The splitting logic is the same as that used for subtitle capitalization in APA and a few other styles, and is illustrated in this test fixture.


[1] As an implementation-specific detail, the option would be enabled via the sys object used to instantiate the processor, with something like:

sys.main_title_from_short_title = true;

(And yeah, the option is badly named. It dates from the time when main/sub splits required matching content in the shortTitle field, which is no longer the case.)

FB

I think that would definitely be a useful feature. If it is technically possible I don’t really see why this shouldn’t be adopted. With this, it should also be possible to change the punctuation between title and subtitle, right? If yes, that would solve the “colons vs. dot”-problem that scholar writing in languages other than English sometimes have.

While I cannot speak for @John_MacFarlane, I also have the impression that this might be useful for pandoc-citeproc. Right now, pandoc-citeproc merges biblatex’s title and subtitle into CSL JSON title using hard coded delimiters, which could be avoided if we had corresponding variables in CSL. (Of course, biblatex’s titleaddon will still need individual treatment, but having distinct fields for title and subtitle would be a good start.)

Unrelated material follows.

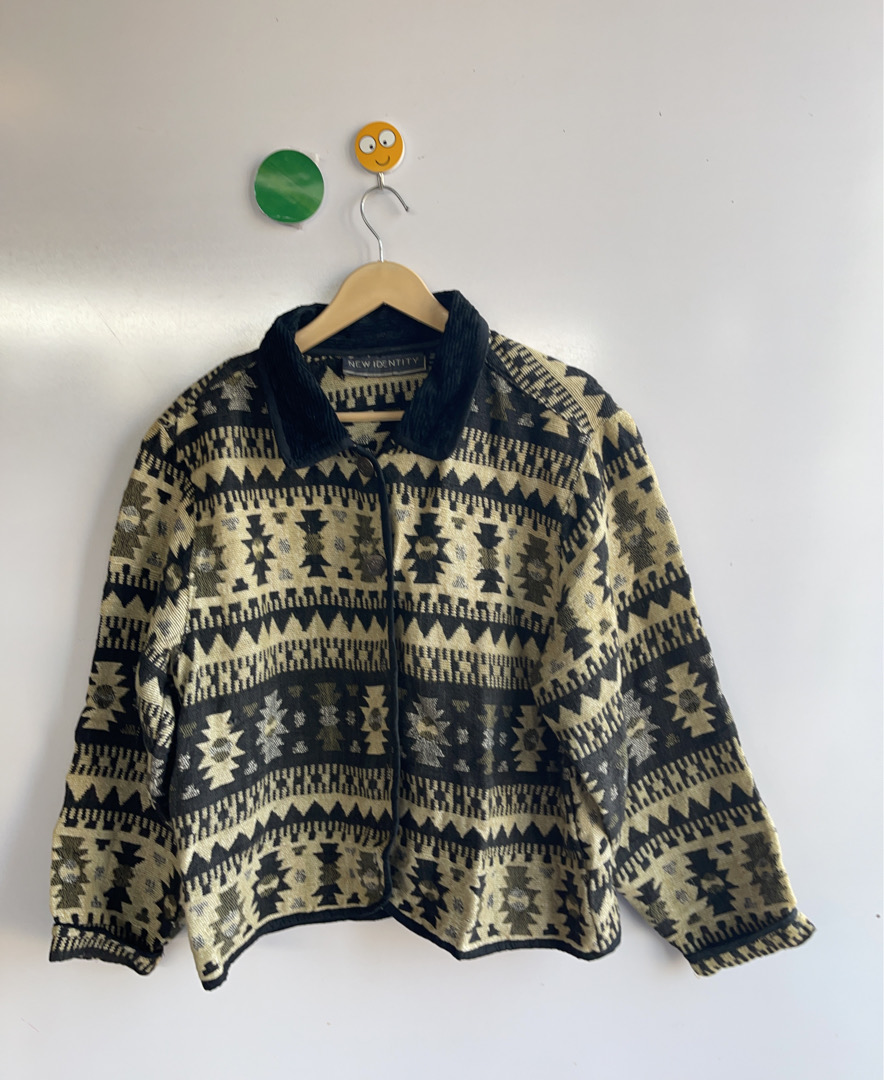 Jaqueta com Padrão Asteca New Identity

This is the concern I have, with the possibility (I don’t know) that there are more options than just those two.

I confess to not thinking about CSL details much in awhile, and am super tired, but don’t we already handle split titles of sorts with the “short” variants?

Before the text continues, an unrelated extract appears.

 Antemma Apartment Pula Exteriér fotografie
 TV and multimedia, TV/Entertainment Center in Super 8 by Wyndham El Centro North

So we just don’t handle the subtitle?

If yes, we could just add the latter variable in a way that is consistent with the former?

I’m not sure if that’s what you mean but I know of at least four variants of punctuation between title and subtitle:

  • colon space
  • space colon space
  • period space
  • space dash space
1 Like

Well, the test fixtures indicate that most of those punctuation variants should be covered.

Well, at least with Juris-M I get this behaviour with a title “A long title: with a subtitle”

<text variable="title" form="long"/> => A long title: with a subtitle
<text variable="title" form="short"/> => A long title

With the short title field in the GUI I can even shorten the first part of the title:

<text variable="title" form="short"/> => Title

In the specs I have found this:
“[A variable] may be accompanied by the form attribute to select the “long” (default) or “short” form of a variable (e.g. the full or short title). If the “short” form is selected but unavailable, the “long” form is rendered instead.”

But I haven’t found details about this implicit handling of the title variable.

(I cannot test with Zotero at the moment.)

Right, I’m just suggesting adding a “sub” or similar option to that form attribute.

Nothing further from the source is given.